Point number two: I have this image of the economy being extremely naïve, because somewhere, I really don’t know where, we took the idea, the belief, the ideology, the image, that the economy should grow 2% every year. That’s like assuming that favorable winds will always blow. That is not a very good assumption. If I want to build a ship, I can’t really build a ship under the assumption that favorable winds will blow all the time. That is not a very good ship. But unfortunately, that is exactly how we have constructed our economics.

I always ask my friend, where did you take it from? Is it written in the Bible? Is it anywhere in our models? Is it in the sky? Did you have a dream about it, that it is normal for the economy to grow 2-3% every year? Just because it has been doing so for the last, I don’t know how many years, doesn’t mean that it will always grow. And it never grew steadily. Even in the good periods of mankind there were crises. There were slight decreases of GDP and nobody was shooting themselves in the leg.

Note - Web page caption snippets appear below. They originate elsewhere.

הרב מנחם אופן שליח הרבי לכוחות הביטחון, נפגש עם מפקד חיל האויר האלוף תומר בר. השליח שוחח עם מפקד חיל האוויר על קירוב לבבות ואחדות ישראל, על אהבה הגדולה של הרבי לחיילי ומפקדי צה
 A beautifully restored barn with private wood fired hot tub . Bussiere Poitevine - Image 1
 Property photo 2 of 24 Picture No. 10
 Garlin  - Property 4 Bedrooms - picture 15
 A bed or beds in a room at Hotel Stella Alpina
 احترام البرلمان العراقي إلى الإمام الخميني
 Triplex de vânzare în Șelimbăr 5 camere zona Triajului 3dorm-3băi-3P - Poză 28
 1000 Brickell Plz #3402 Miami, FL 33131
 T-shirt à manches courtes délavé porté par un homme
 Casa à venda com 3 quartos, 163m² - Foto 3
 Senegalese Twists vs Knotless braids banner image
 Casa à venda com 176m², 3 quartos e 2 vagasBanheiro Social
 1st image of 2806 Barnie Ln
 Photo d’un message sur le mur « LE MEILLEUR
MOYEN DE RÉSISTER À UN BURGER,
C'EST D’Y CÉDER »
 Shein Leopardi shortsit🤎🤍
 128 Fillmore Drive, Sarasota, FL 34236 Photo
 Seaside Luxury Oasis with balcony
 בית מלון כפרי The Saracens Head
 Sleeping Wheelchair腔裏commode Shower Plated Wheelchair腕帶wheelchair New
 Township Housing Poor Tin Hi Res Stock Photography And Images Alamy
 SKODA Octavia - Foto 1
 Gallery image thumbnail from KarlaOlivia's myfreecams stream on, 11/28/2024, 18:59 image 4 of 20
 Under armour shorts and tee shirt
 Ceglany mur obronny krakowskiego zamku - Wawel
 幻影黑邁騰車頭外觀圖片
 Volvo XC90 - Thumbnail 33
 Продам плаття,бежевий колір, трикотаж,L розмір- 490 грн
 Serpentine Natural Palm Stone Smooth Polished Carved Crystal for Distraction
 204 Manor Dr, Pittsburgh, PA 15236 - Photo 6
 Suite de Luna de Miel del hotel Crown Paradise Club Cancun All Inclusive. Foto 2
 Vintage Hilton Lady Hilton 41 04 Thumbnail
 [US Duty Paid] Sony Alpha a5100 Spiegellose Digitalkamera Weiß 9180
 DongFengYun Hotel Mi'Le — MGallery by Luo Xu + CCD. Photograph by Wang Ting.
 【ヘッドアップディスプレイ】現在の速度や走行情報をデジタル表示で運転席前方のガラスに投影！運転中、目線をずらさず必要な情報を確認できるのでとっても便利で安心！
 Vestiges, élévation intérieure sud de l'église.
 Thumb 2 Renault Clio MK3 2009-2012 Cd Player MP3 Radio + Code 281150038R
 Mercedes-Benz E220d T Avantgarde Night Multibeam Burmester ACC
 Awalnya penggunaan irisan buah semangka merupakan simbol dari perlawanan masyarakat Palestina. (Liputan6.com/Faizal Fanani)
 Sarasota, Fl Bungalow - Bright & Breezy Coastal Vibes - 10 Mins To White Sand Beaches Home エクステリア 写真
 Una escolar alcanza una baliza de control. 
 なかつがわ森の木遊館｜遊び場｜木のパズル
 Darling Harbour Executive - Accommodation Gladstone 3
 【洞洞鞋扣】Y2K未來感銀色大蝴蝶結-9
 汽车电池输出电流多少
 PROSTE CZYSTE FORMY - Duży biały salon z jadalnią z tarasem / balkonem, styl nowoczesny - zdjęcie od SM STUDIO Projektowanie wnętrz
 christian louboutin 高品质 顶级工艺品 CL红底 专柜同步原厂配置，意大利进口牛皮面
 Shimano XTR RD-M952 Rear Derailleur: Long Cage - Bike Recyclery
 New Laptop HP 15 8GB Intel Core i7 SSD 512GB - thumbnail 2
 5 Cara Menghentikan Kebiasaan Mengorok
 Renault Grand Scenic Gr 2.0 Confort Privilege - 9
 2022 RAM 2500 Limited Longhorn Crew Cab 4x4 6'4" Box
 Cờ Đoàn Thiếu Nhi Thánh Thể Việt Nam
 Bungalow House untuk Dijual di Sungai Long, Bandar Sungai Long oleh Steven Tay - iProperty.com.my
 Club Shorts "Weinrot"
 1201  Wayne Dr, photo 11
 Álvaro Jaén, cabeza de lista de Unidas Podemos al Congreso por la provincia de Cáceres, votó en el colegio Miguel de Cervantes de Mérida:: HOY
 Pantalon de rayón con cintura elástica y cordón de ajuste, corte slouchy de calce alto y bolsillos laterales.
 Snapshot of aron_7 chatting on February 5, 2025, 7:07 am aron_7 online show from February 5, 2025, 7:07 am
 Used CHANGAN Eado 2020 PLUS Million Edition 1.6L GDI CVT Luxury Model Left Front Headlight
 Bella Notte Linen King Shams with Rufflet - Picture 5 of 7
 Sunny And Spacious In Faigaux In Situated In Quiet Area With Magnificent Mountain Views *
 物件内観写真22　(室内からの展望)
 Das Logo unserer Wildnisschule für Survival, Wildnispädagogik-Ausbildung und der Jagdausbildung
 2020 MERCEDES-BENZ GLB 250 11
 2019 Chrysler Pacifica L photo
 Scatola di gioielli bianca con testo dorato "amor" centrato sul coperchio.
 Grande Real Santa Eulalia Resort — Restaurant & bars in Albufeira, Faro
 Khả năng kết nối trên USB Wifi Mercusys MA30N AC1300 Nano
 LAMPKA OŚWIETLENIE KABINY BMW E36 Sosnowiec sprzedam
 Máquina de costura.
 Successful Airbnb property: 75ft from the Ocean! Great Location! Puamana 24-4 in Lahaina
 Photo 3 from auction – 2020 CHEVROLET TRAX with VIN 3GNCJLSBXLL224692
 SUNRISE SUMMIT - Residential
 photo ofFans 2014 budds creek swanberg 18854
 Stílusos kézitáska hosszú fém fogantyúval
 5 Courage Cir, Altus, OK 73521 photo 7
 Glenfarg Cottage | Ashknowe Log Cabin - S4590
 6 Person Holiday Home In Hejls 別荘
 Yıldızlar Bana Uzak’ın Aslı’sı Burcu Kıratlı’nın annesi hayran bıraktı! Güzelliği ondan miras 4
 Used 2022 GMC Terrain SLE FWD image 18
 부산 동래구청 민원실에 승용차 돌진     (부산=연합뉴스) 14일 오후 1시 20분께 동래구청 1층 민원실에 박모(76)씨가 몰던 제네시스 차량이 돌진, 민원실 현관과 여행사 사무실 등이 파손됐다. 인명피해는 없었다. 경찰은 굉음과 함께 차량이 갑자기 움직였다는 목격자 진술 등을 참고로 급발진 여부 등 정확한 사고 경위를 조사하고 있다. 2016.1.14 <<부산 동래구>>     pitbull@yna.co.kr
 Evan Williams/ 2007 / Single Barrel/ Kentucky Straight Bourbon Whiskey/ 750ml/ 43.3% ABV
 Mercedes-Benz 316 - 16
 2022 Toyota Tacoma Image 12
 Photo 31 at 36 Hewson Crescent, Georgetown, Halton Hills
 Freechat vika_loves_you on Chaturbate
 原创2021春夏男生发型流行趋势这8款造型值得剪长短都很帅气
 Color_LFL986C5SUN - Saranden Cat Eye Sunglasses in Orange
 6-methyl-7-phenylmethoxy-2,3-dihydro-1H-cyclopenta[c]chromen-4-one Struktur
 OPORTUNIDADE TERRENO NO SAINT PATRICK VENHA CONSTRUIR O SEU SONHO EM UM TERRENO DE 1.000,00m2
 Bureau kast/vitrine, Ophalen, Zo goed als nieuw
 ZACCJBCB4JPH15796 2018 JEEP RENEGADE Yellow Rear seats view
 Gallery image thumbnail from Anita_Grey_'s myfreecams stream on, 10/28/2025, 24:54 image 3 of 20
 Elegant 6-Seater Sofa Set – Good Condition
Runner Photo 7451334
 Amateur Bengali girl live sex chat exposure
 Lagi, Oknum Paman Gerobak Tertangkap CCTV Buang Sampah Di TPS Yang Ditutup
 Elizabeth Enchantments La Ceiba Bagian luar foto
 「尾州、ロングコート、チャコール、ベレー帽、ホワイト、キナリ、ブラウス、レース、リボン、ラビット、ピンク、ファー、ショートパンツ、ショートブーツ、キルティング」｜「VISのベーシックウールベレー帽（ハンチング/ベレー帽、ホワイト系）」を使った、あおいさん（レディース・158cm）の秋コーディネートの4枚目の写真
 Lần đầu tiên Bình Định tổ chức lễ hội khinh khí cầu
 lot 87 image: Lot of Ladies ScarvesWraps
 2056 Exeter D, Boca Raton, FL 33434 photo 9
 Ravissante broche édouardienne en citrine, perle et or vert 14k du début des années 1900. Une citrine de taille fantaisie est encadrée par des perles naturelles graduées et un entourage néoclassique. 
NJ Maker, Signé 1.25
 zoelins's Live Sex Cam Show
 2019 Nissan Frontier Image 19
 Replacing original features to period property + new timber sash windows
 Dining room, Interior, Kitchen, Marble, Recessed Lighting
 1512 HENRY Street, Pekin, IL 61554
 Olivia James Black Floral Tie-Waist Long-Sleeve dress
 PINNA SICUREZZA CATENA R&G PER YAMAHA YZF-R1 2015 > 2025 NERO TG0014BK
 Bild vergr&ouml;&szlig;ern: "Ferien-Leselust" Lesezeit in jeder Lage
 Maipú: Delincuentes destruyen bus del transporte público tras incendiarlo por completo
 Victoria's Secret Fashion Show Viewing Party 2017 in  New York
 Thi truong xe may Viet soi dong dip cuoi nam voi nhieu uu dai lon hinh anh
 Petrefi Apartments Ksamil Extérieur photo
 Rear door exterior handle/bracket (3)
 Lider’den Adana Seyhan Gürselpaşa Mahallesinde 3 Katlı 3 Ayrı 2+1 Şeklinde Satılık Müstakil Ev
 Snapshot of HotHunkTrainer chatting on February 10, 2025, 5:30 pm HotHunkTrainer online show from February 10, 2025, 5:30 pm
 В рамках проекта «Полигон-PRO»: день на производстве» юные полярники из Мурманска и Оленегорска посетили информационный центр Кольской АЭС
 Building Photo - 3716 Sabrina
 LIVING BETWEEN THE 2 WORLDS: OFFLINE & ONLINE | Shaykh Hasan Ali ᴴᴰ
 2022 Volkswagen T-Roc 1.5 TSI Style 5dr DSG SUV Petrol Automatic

So there, I think, is a huge academic mistake. If we want to be very rigorous, and we should be rigorous, then where did this belief that the economy should grow by a certain percentage every year – where did it come from? That is a very naïve belief. But unfortunately, we have built our pension system on it, we’ve built our government expense system on the assumption that the economies will always grow. Of course, the economy can stand still for a while. There is this huge image that the economy, if it doesn’t grow, it collapses.

But, of course, the economy can stand still. What cannot stand still if the economy doesn’t grow for a long time is all our social institutions that we have built upon it. So again, the point is, I have nothing against growth, like I have nothing against good weather, but you know, expecting that every day will be a happy sunshine day is a recipe for a very depressed life.

David: This gets to the issue of the social and political ramifications, because if we do move to a lower, or slower, growth model, and it doesn’t support our social obligations, or pension system and what have you, then you do have sort of the revolt of the masses on your hands, unless you can convince them that austerity is good for all. So where do you stop catering to the masses and do what is economically wise in the long run?

Tomáš: Rather than to do with masses, it is the sort of mass ideology, that we believe that every year we should grow. It’s as stupid as believing that every day should be a happy day, or a sunny day. This is, I think, generally true of our political life, this is true, even, of our personal life. We have this belief that things have to improve, otherwise they collapse, and this is simply not true. The majority of the history of mankind we didn’t even measure GDP. It wasn’t anything that was actually important in human life.

And you can see this nicely in the following thought experiment: I always ask my audience when the issue comes to this, I always ask them, “How many of you know whether your personal GDP, in other words, your income, whether it went up or down last year? That means last year, 2014, vis-à-vis 2015. Does any one of you know exactly by how much it went up and by exactly, I mean, to the decimal point of a percentage? And nobody ever has given me an answer. People sometimes raise their hand the say, “Well, you know, it went up by about 15%.” And I say, “I don’t want your about, I want it exactly. I can’t tell the media that GDP will go up about something between 2 to 10%, I need an exact figure. Nobody had an exact figure, and I doubt that any of the listeners will have an exact answer.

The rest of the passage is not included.